DATA -
════

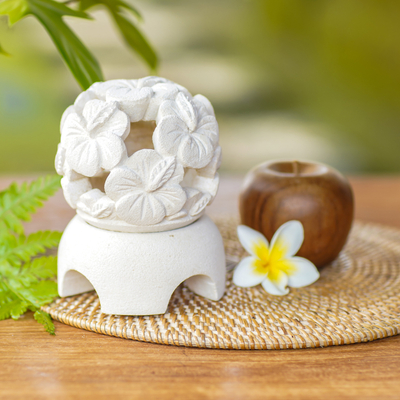 Teelichthalter aus Kalkstein - Geschnitzter floraler Teelichthalter aus Kalkstein aus Bali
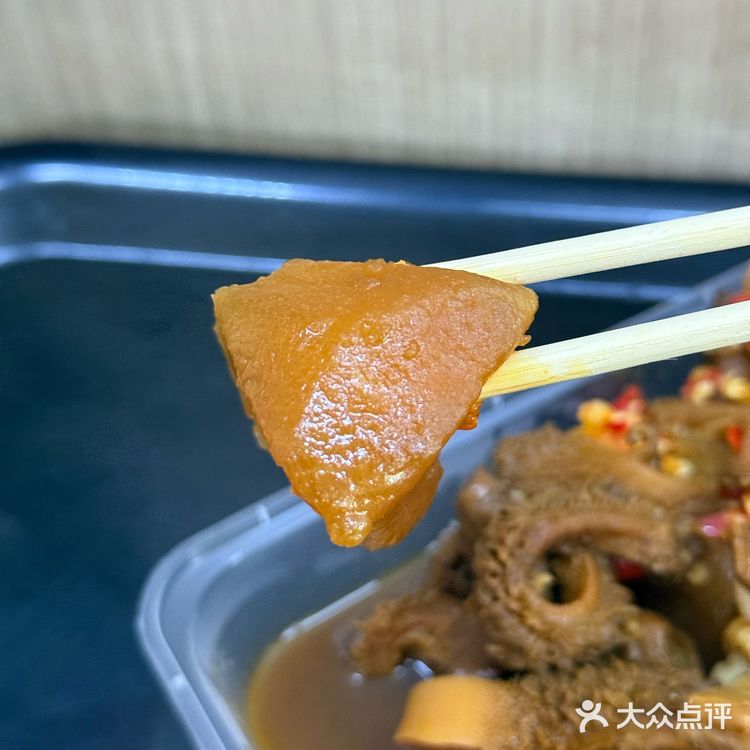 牛杂必吃榜：阿姨牛杂和顺盈小食横评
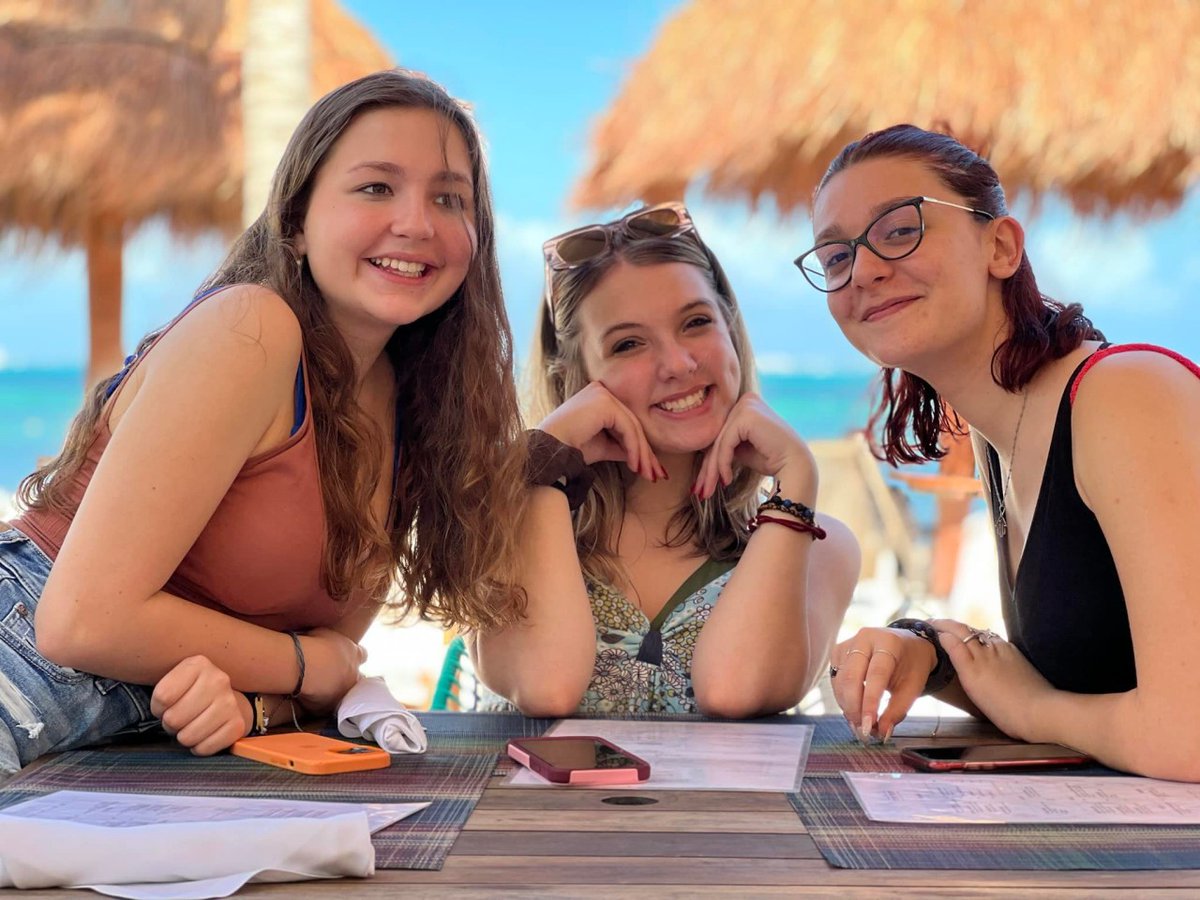 ETCexchange's tweet photo. Spring Break 2022 🌞🌊
Many of our students headed out with their families for spring break to take in the sites! They enjoyed the beaches of Cancun, the Grand Canyon, Disney World, Carlsbad Caverns and more! #springbreak #etcexchange #etc #hostfamily #exchangestudent https://t.co/M9E498WSv4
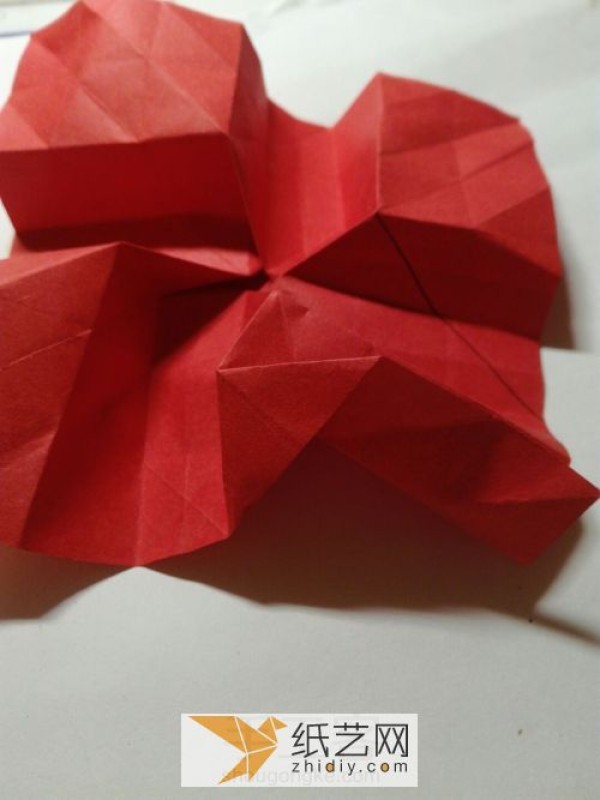 Detailed, complete and easy-to-learn method of folding origami roses. Tutorial on handmade origami roses for Valentines Day.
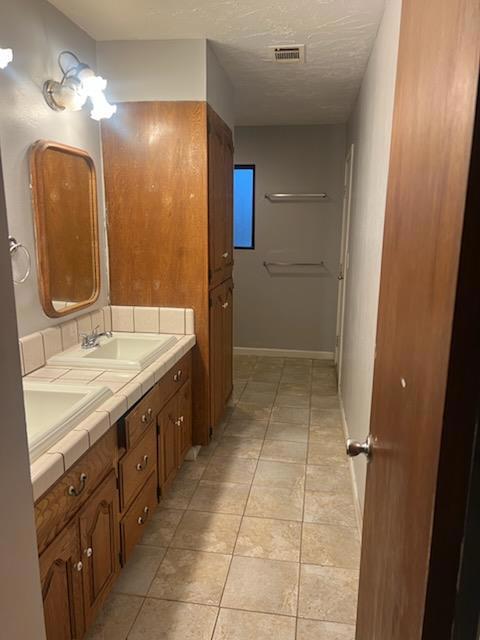 2189 N Burl Dr, Hanford, CA 93230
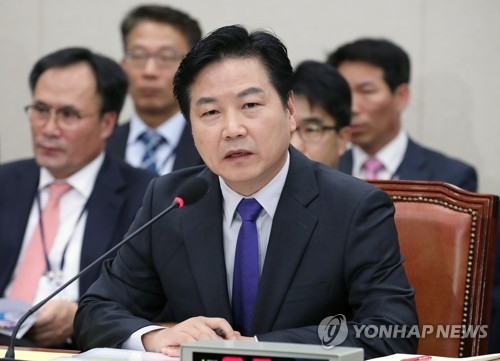 질문에 답변하는 홍종학 후보자(서울=연합뉴스) 김도훈 기자 = 홍종학 중소벤처기업부 장관 후보자가 10일 오전 국회 산업통상자원중소벤처기업위원회에서 열린 인사청문회에서 질문에 답변하고 있다. 2017.11.10superdoo82@yna.co.kr(끝)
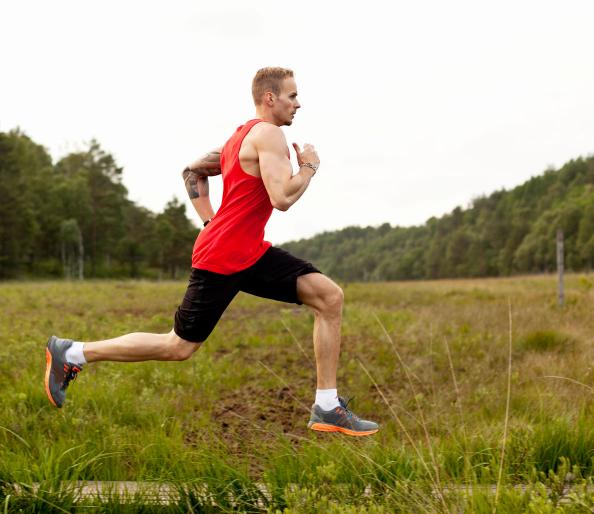 Тренировки для очень быстрого бега. Бегущий человек. Надпись быстрее убежать. Фото как человек бежит. Регулярные занятия спортом.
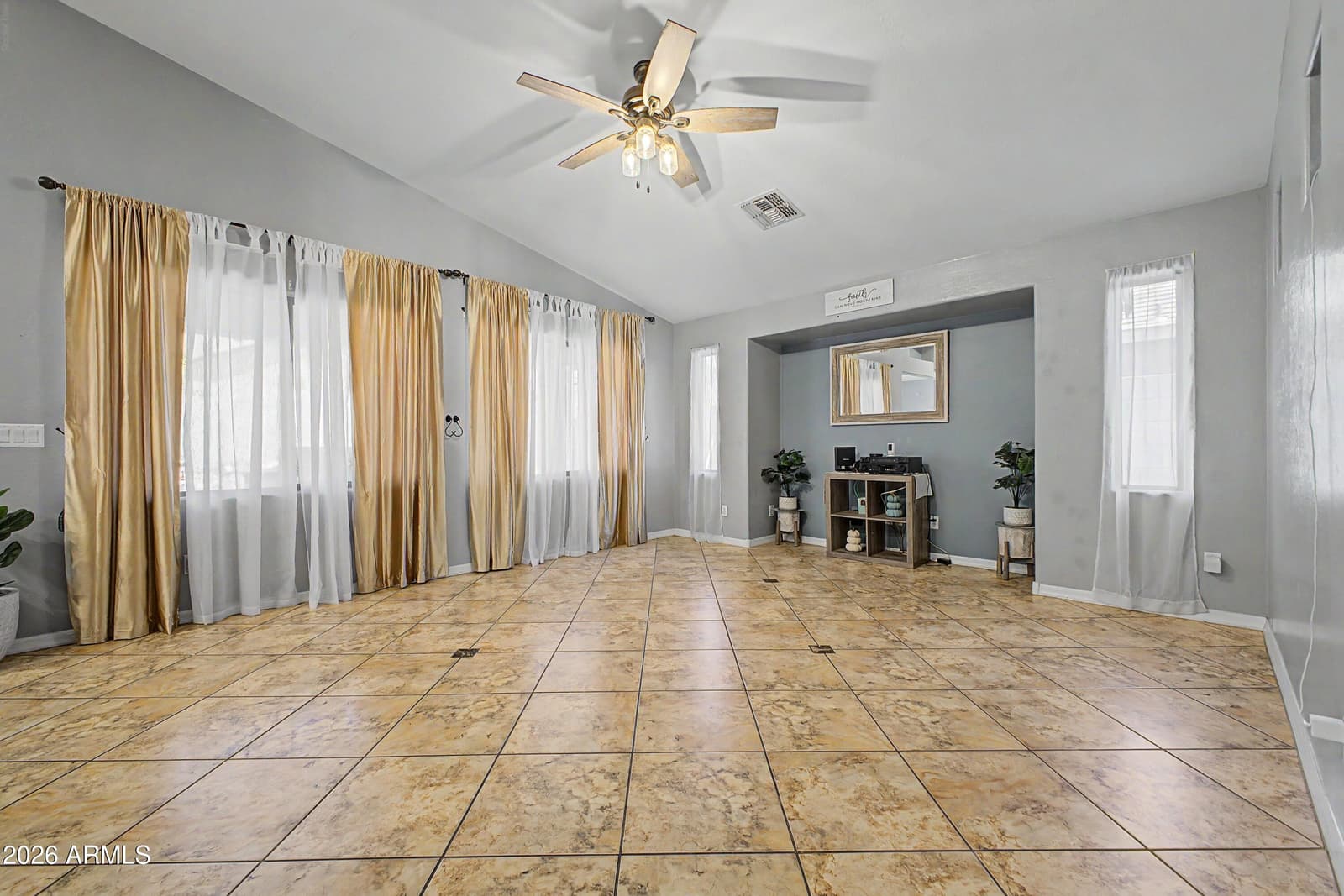 25652 W RIO VISTA Lane, Buckeye, AZ 85326 — photo 9 of 32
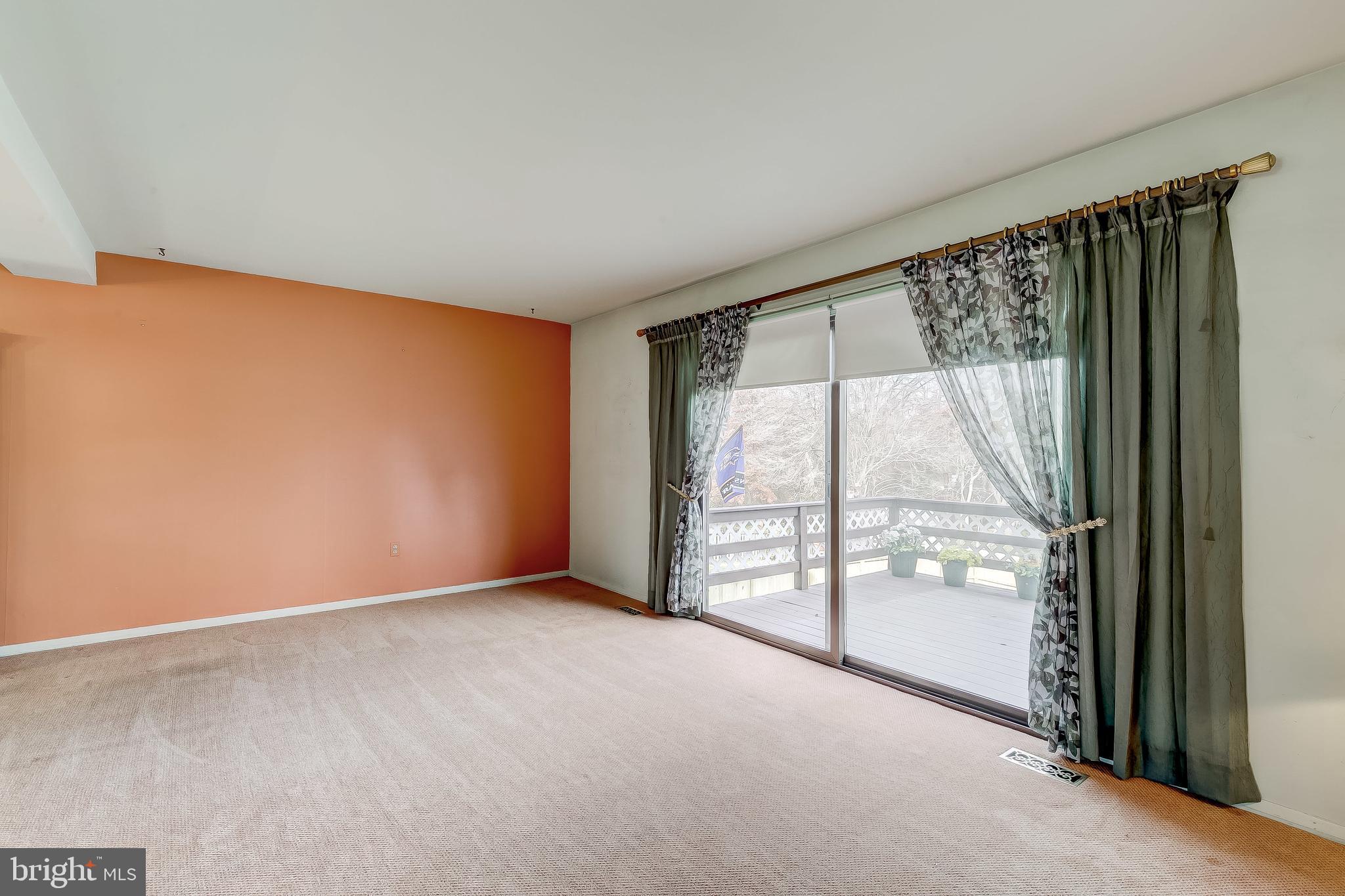 SEVEN COURTS - Residential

════

Beginning at the line that contains "Detailed, complete and", give the remaining lines of the records again exactly, through the last one. Leave out pictures.

RESULT -
 Detailed, complete and easy-to-learn method of folding origami roses. Tutorial on handmade origami roses for Valentines Day.
 2189 N Burl Dr, Hanford, CA 93230
 질문에 답변하는 홍종학 후보자(서울=연합뉴스) 김도훈 기자 = 홍종학 중소벤처기업부 장관 후보자가 10일 오전 국회 산업통상자원중소벤처기업위원회에서 열린 인사청문회에서 질문에 답변하고 있다. 2017.11.10superdoo82@yna.co.kr(끝)
 Тренировки для очень быстрого бега. Бегущий человек. Надпись быстрее убежать. Фото как человек бежит. Регулярные занятия спортом.
 25652 W RIO VISTA Lane, Buckeye, AZ 85326 — photo 9 of 32
 SEVEN COURTS - Residential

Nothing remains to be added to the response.